The reliability of the measurements is questionable although in practice the decision about whether a major debridement or a superficial laying open is necessary, is relatively clear. However, clinicial opinion is subjective.
Are the measurements reproducible?
The measurements would be reasonably reproducible although there will always be variability between clinican's opinions.
Were the patients and the investigators blinded?
The patients were blinded but the investigators were unblinded.
Presentation of results
Are the basic data adequately described?
There are clear tables descibing characteristics,operative and postoperative details of the 2 groups. In addition there is statistical analysis of other important variables and how these correlate with sternal infection. More detail is included in the infected patients table.
Were groups comparable at baseline?
The 2 groups were compared statistically for baseline characteristics.
Are the results presented clearly, objectively and in sufficient detail to enable readers to make their own judgement?
The tables are clear and provide adequate detail to allow conlusions to be drawn.
Are the results internally consistent, i.e. do the numbers add up properly?
There are several instance where numbers do not add up.
1) Table I: 283 males; Table IIA: 284 males
2) Table I: 84 diabetics; Table II: 83 diabetics
3) Table II: 6 Infected IMA+ patients; Table V: 7 IMA+ patients
Were side effects reported?
It was stated that no side effect occur with topical vancomycin.
Are the data suitable for analysis?
The data is suitable and appropriate for analysis.
Are the methods appropriate to the data?
1) Fisher's test is the appropriate test as the expected count in one cell is less than five.
2) t-test is appropriate for the continuous variables however comparison of age is often a non-parametric variable. They have not proven to us that it is parametric.
Are any statistics correctly performed and interpreted?

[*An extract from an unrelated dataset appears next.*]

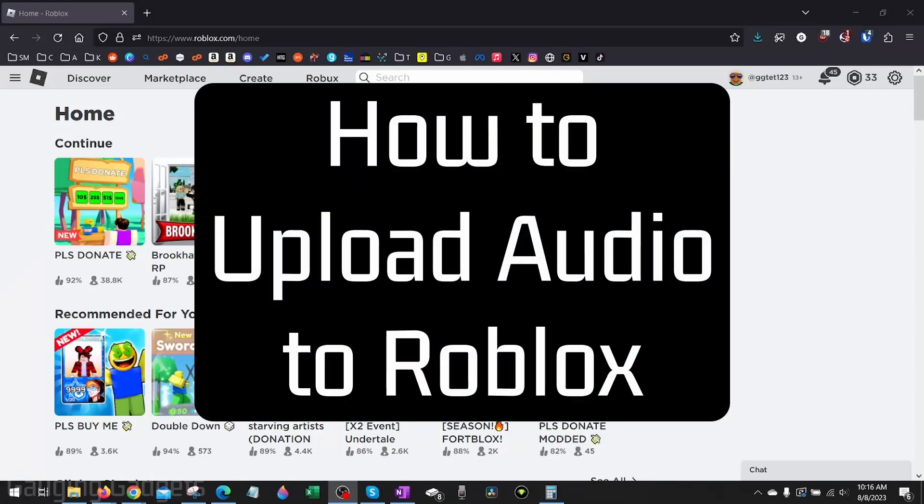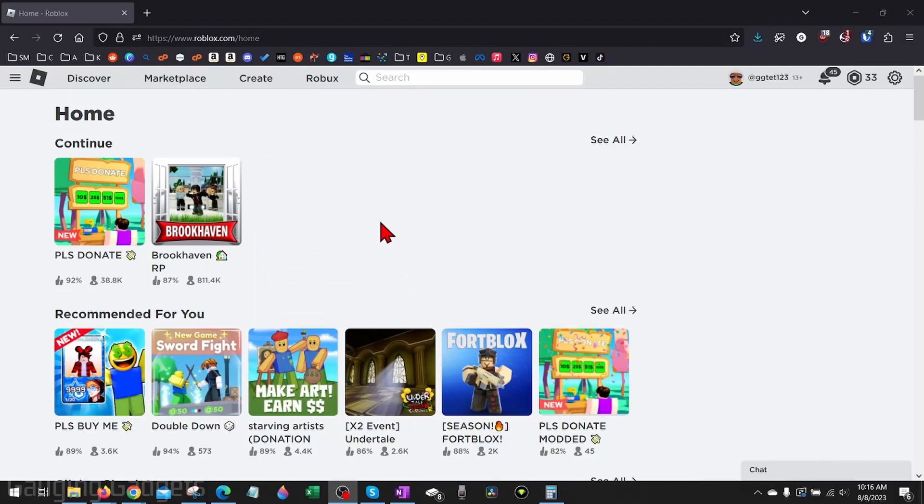How to upload audio to Roblox. Welcome to another Gauging Gadgets Roblox tutorial video. In this video, I'm going to show you how to upload audio files to Roblox so they can be used when building experiences in Roblox Studio.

The statistics are correctly performed and interpreted.
Are the results discussed in relation to existing knowledge on the subject and study objectives?

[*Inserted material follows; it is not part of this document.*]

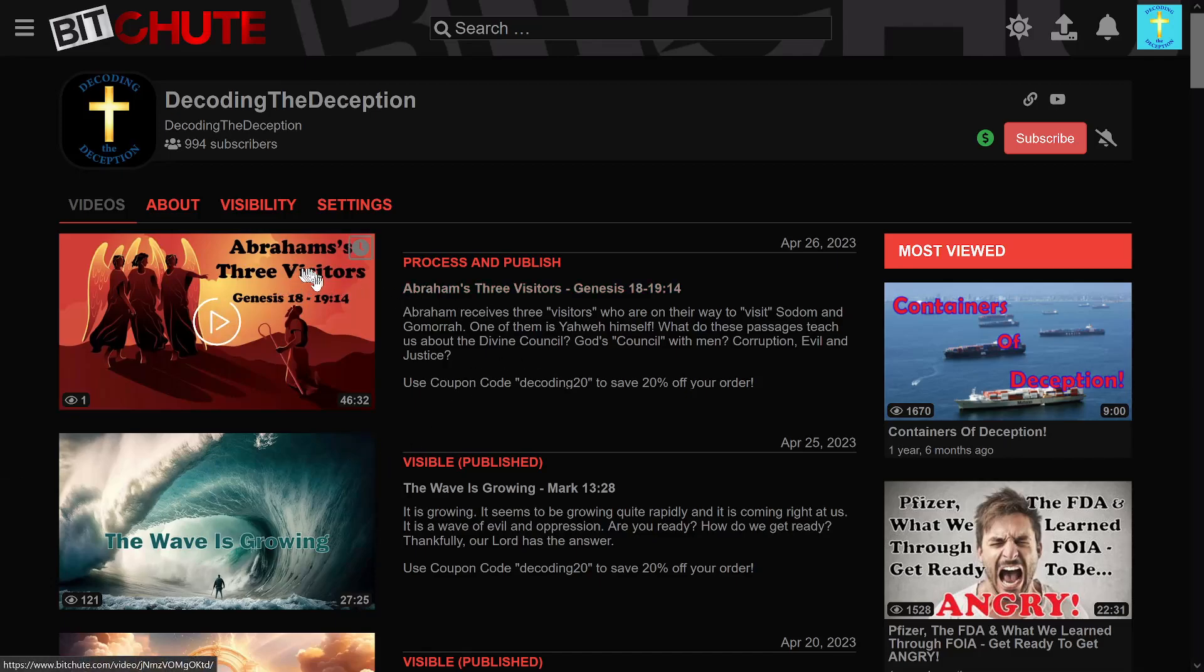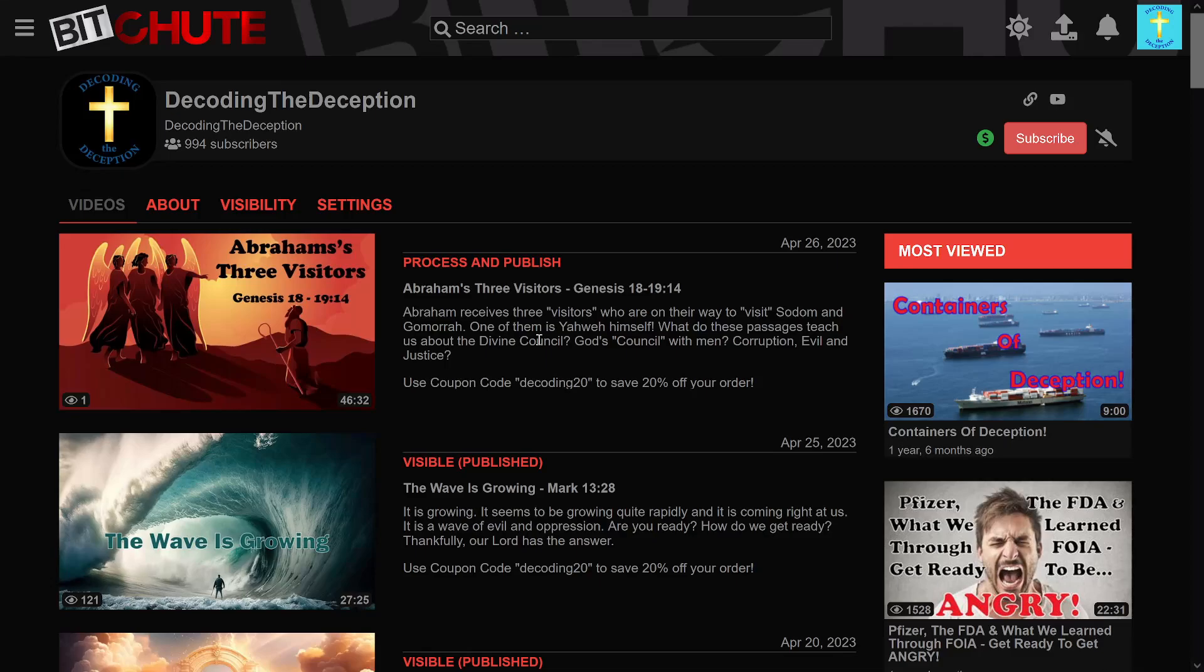on Abraham's three visitors. This touches on Sodom and Gomorrah and so there are things I say in this video that would get me my third and last strike on this platform. So I encourage you to go watch this video elsewhere.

The results are discussed in relation to knowledge on topical antibiotics in other fields of surgery and also in animal studies. However, although they have discussed evidence for systemic antibiotic use in cardiac surgery, the lack of evidence for topical antibiotics in cardiac surgery has prevented further discussion.
Is the discussion biased?
There discussion is biased in that, despite recommending the use of topical vancomycin, they have not discussed the implications regarding the possiblity of development of resistant strains in the future. This should be considered which making such recommendations.

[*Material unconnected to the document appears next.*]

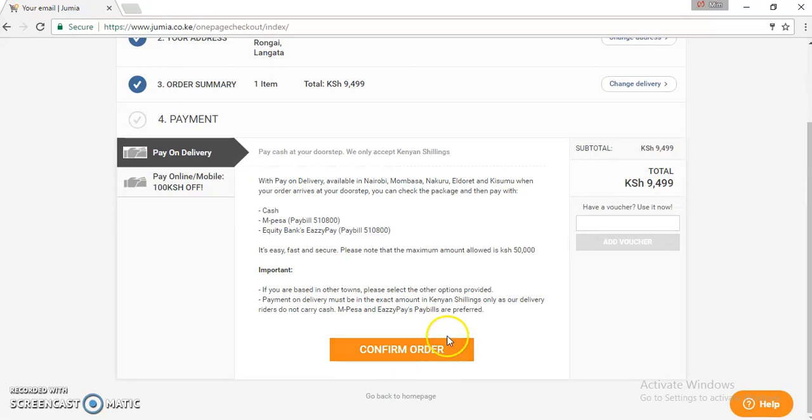You are now ready to place an order by feature for an existing client. All the best.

Are the authors' conclusions justified by the data?
The conclusion that topical vancomycin reduced sternal infection rates is justified. However, further support to these conclusions would be obtained if microbiological confirmation of these infections had been made. In addition, larger numbers would also provide more support.
What level of evidence has this paper presented? (using CEBM levels)
Does this paper help me answer my problem?
This paper does give support to using topical vancomycin. However, this study only deals with topical vancomycin/gelatin gel applied to the cut edges of the bone. Some surgeons practice is to apply vancomycin powder to the cut sternal edges and surrounding wound. This study does not necessarily answer whether this is effective. Also, this study does not assess the possibility of development of resistant strains which is a possibility. This would have implications in recommending its universal use.
Can any necessary change be implemented in practice?
This study might not persuade surgeons who use only systemic antibiotic prophylaxsis to change their practice because of the possibility of development of resistant bacteria. Other local surgeons use topical vancomycin powder. This study considered vancomycin/gelatin gel only. Therefore, these results might help implement change to the gel or alternatively instigate a randomised controled trial using powdered topical vancomycin.
What aids to implementation exist?
Further evidence from other randomised studies. This is the only study available that addresses this question.
What barriers to implementation exist?
Possibility of resistance development if this is universally used.